5. After referring to various decisions a Full Bench of the Kerala High Court in the case of Ram Bahadur Thakur Ltd. v. CTT , after indicating 9 criteria, pointed out that the AO is bound to conduct an enquiry as to whether the assessed satisfies all the requirements of the section before either allowing or rejecting the claim. The officer cannot mechanically either allow the deductions or deny the same. In the instant case, in para 19 of the Tribunal's judgment, the Tribunal has pointed out that on record, relevant extracts of the minutes of the board of director's meeting held on 1st July, 1980, held at 11.00 a.m. was on the record and the relevant portion reads as under:

"It was also suggested that the managing director should be accompanied by Mrs. K.K. Thirani so that social functions could be attended during this tour and cordial relations could be developed."

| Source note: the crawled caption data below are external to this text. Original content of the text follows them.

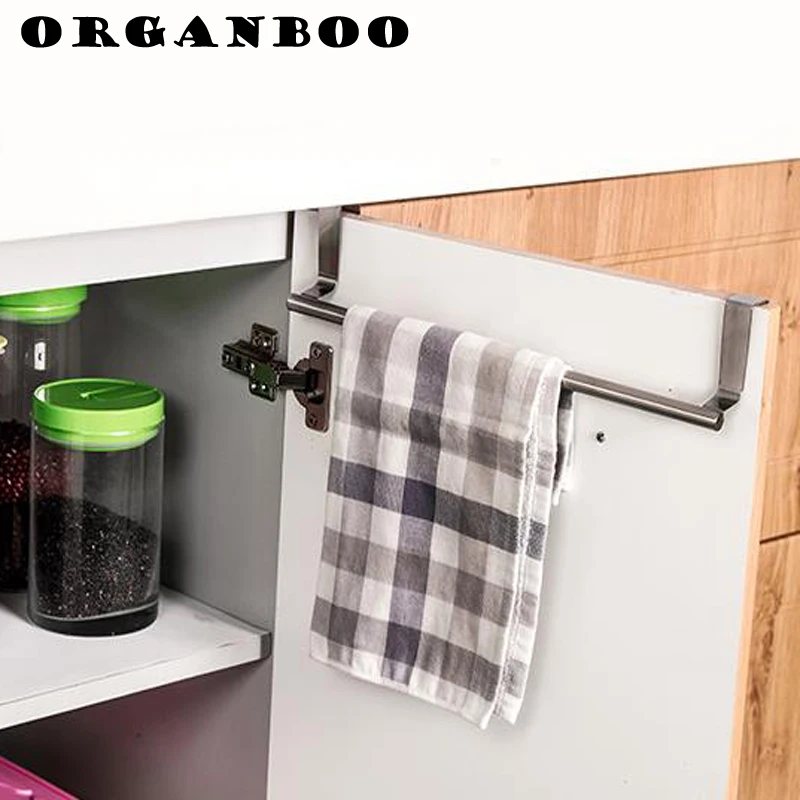 ORGANBOO 1 قطعة متعددة الوظائف الفولاذ المقاوم للصدأ هوك للتخزين رف منظم مطبخ منشفة شماعة القماش الرف 23*7*2.2 cm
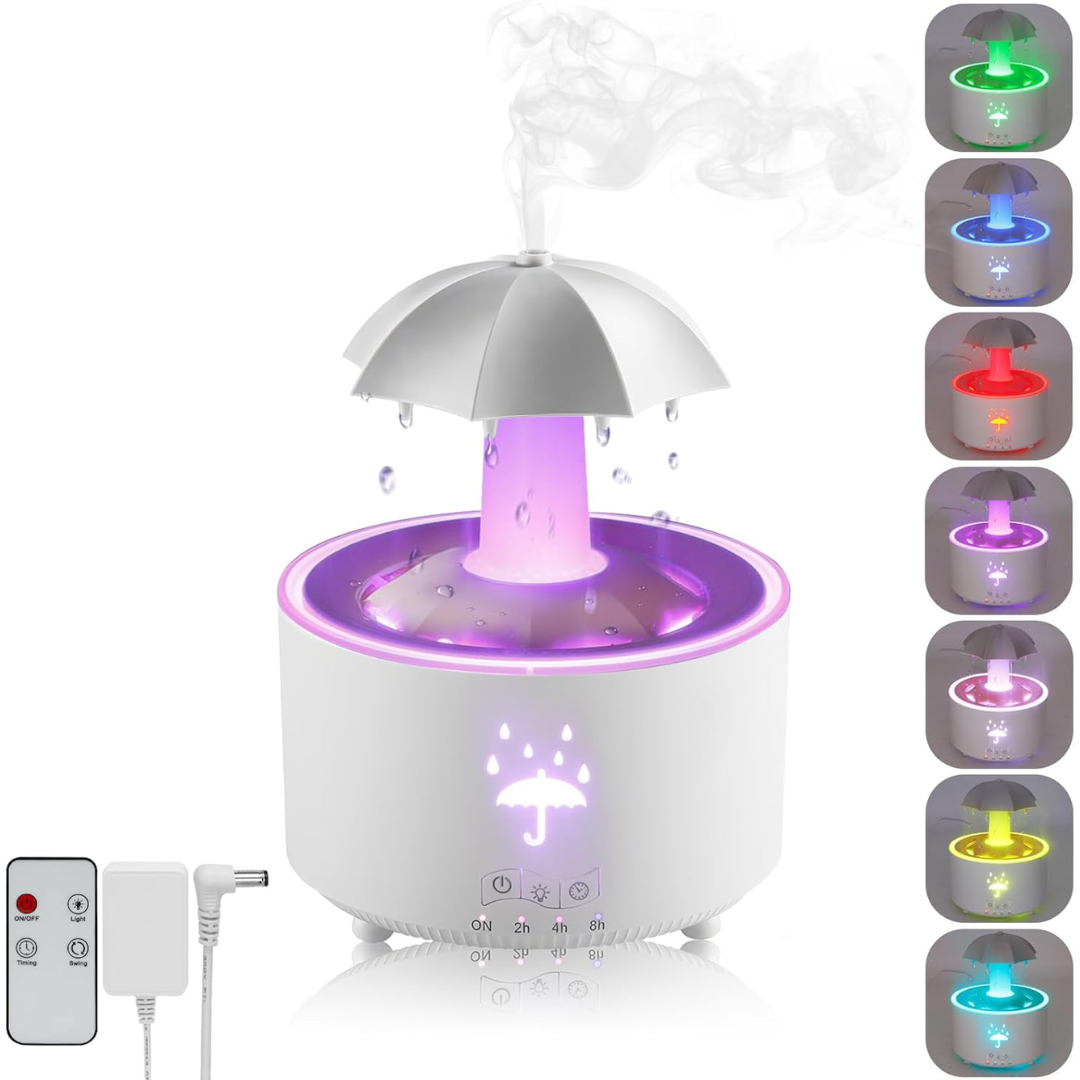 Humidificador y Difusor de Aroma Cromático con Efecto Lluvia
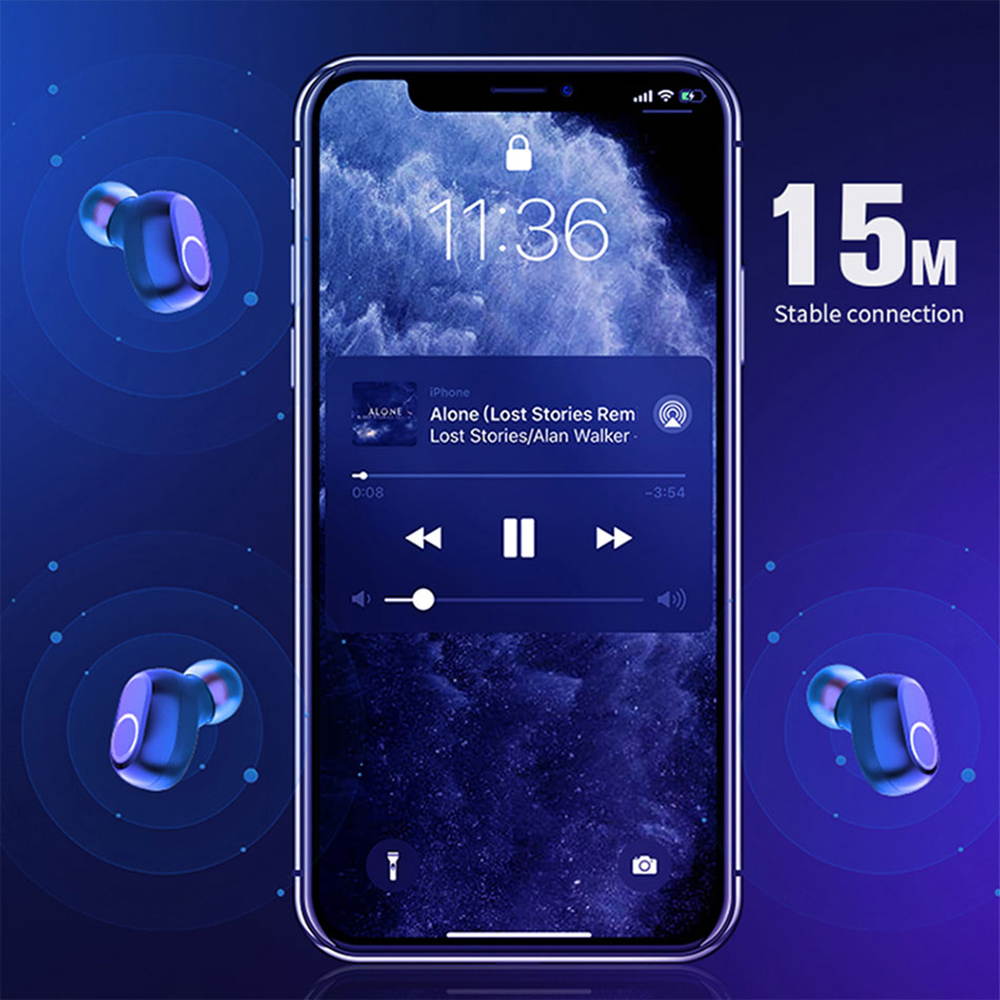 TWS Wireless Headphone Earphone Bluetooth 5.0 HiFi Sound Touch Contro Headphones Mini Noise Sport Reduction Headset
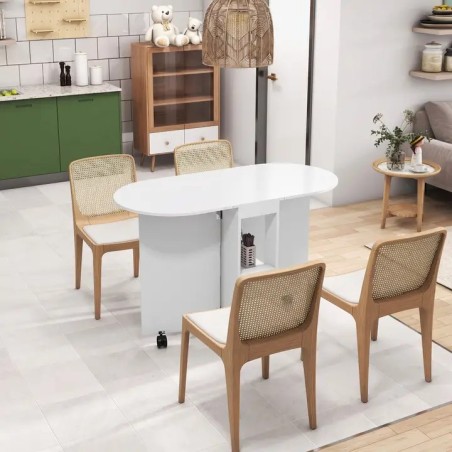 Table à Manger Pliante sur Roulettes Blanche 120 × 60 cm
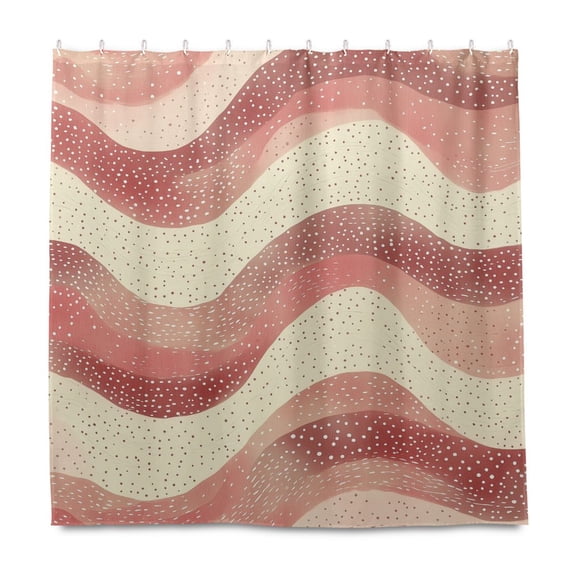 Yayeee Shower Curtain with Hooks 72"x72" Waterproof Fabric Bathroom Hanging Decor, Soft Pink Pattern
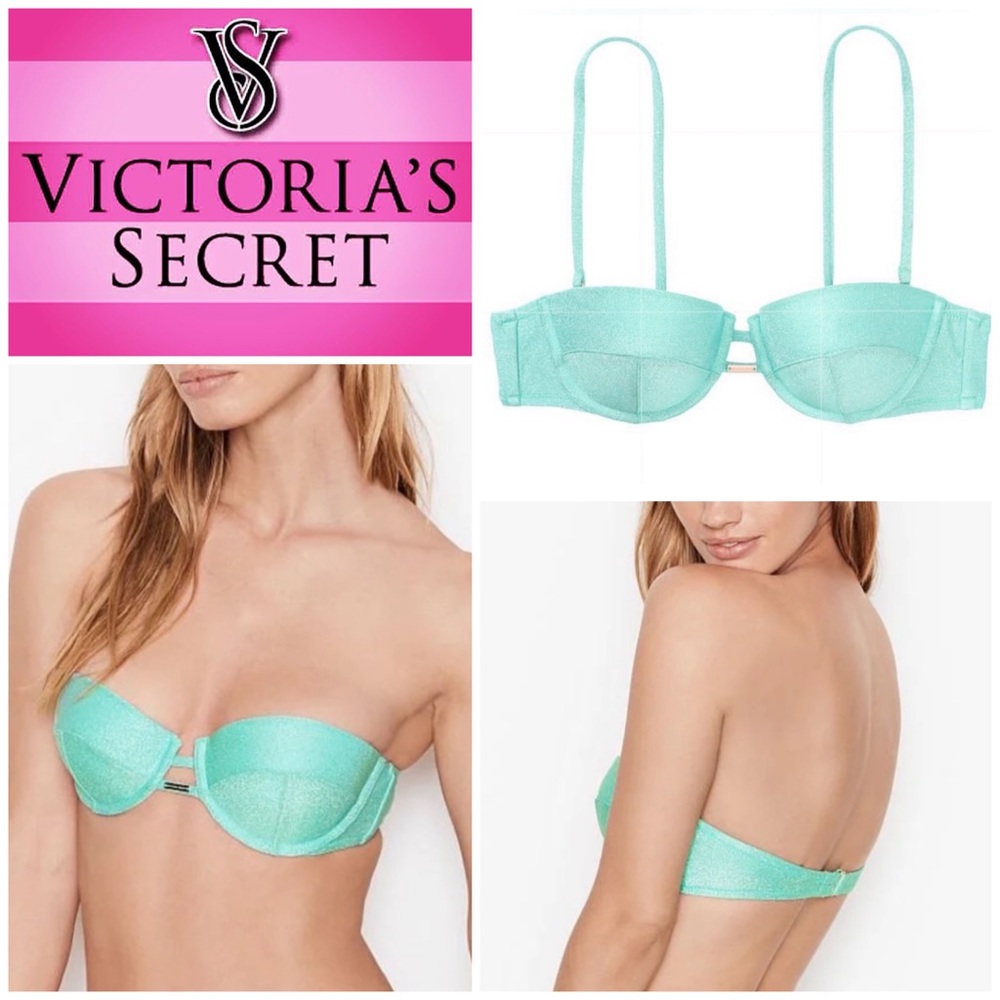 Victoria’s Secret Sardinia Shimmer Bandeau Swim Top w/  Removable Straps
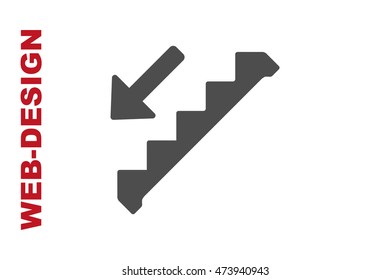 Down Staircase Icon Vector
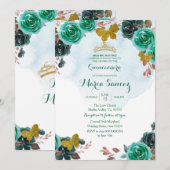 Emerald Green Butterfly Charra Mis Quince Kaart (Voorkant / Achterkant)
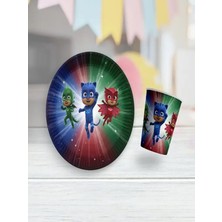 Pijamaskeliler Temalı Karton Tabak Bardak Set 8 Tabak 8 Bardak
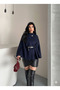 Women's Gold Button Detailed Belted Standard Size Oversize Trend Short Poncho 4837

6. After quoting this para, the Tribunal referred to the decision in the case of Glaxo Laboratories (India) Ltd. v. ITO (1986) 26 TTJ (Bom)(SB) 214 : (1986) 18 ITD 226 (Bom)(SB), wherein it was held that the benefit was granted despite the fact that there was no resolution made by the company, but while in the instant case, there was a resolution and the case was considered on a stronger footing for the grant of the benefit. We are of the opinion that, as held in the case of Ram Bahadur Thakur Ltd. v. CIT (supra), where the expenditure was incurred wholly and exclusively for the purpose of trade and business of the assessed is required to be determined and where the assessed seeks to deduct from his or its business profits, certain items of expenditure, the onus of proving that such deductions are permissible is on the assessed. This is particularly so, when the claims are based on facts which are exclusively within the knowledge of the assessed. Thus, it is for the assessed to plead and prove before the authorities that the expenses were incurred wholly and exclusively for the purpose of the business of the assessed.

This exercise has not been undertaken in the present case. However, considering the fact that the amount involved is small and the matter is for the asst. yr. 1982-83, we feel that no interference is called for and refrain from answering the question in the present case.